As workshops take on the new challenges of digitalization, material science and automation, shop floor managers are considering not just the configuration of their facilities for today’s demand but also how their workshops will take shape in a decade.
For example, the rapid pace of digitalization is shifting the way workshop managers boost production as they take on more complex and demanding order specifications. And with the help of new technology, operations are becoming faster and leaner than ever.
Customers are demanding more flexibility in design, often requiring engineered, nonstandard options. In the auto industry, the rise in electric vehicles (EVs) has amped up the need for custom steering parts. As the EV market is far from standardized, particularly with regard to chassis design and battery placement, suppliers with bespoke manufacturing capabilities have a competitive advantage.
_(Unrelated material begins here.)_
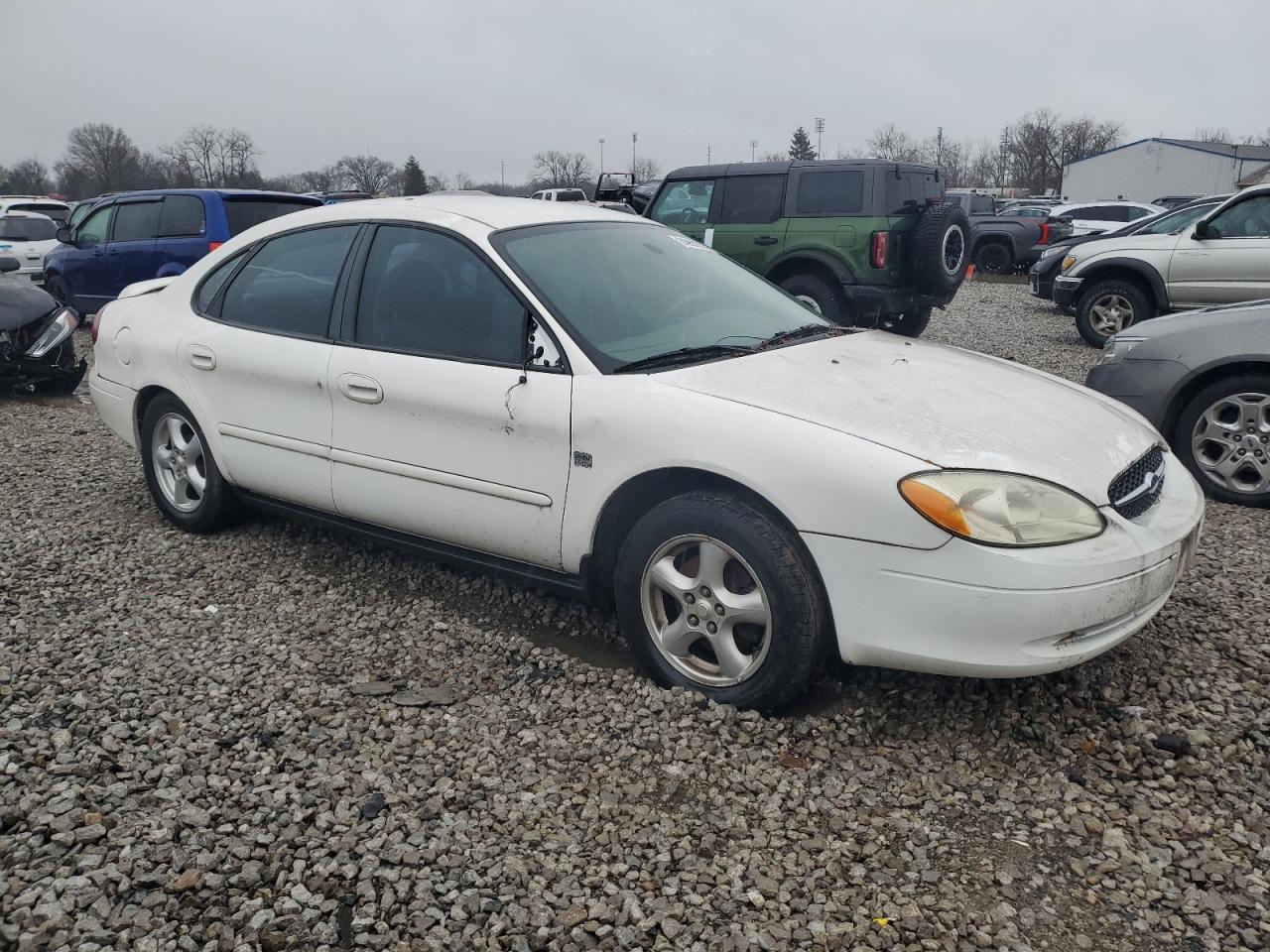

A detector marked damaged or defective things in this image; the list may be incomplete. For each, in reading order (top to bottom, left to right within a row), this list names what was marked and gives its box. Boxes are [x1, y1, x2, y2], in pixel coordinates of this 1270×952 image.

Similarly, batch sizes have shrunk, with smaller production runs becoming more commonplace in workshops. To put this in context, Sandvik Coromant’s machine tool factory in Gimo, Sweden, had an average batch size of 102 pieces per order in 2004. This compares with just 25 pieces per order at the end of 2019.
Smaller batches inevitably result in additional machine setups and changeovers, which may lead to bottlenecks in many workshops. What were once considered time killers—such as removing chips, setting the tool and measuring the component—may now completely kill a business when the queues of complex, small batch orders begin to accumulate.
Designs are also becoming more complex. With demand for new features, materials and machining types, workshops now need machines and machine tools that can do more through effective cooling capabilities, smaller diameters, improved rigidness, tighter tolerances and more cutting edges.
The Internet of Things (IoT) combines intelligent sensors with machine-to-machine and machine-to-device communications. The adoption of this technology has already played a major role in more autonomous production processes, enabling businesses to boost productivity and reduce human error.
Working closely with machine tool builders, cloud suppliers and network companies, Sandvik Coromant developed CoroPlus, a platform of connected tools and software. Using sensor-equipped tools, production managers can adjust, control and monitor machining performance in real time to optimize processes and decision making. For example, the platform monitors and controls sensor-equipped tools—cross-referenced with tool data and process data—to prevent tool breakage. Machining processes can also be monitored remotely. Using cloud storage, managers can gain insight into every step of their processes just by looking at a visualized dashboard on their phone or tablet.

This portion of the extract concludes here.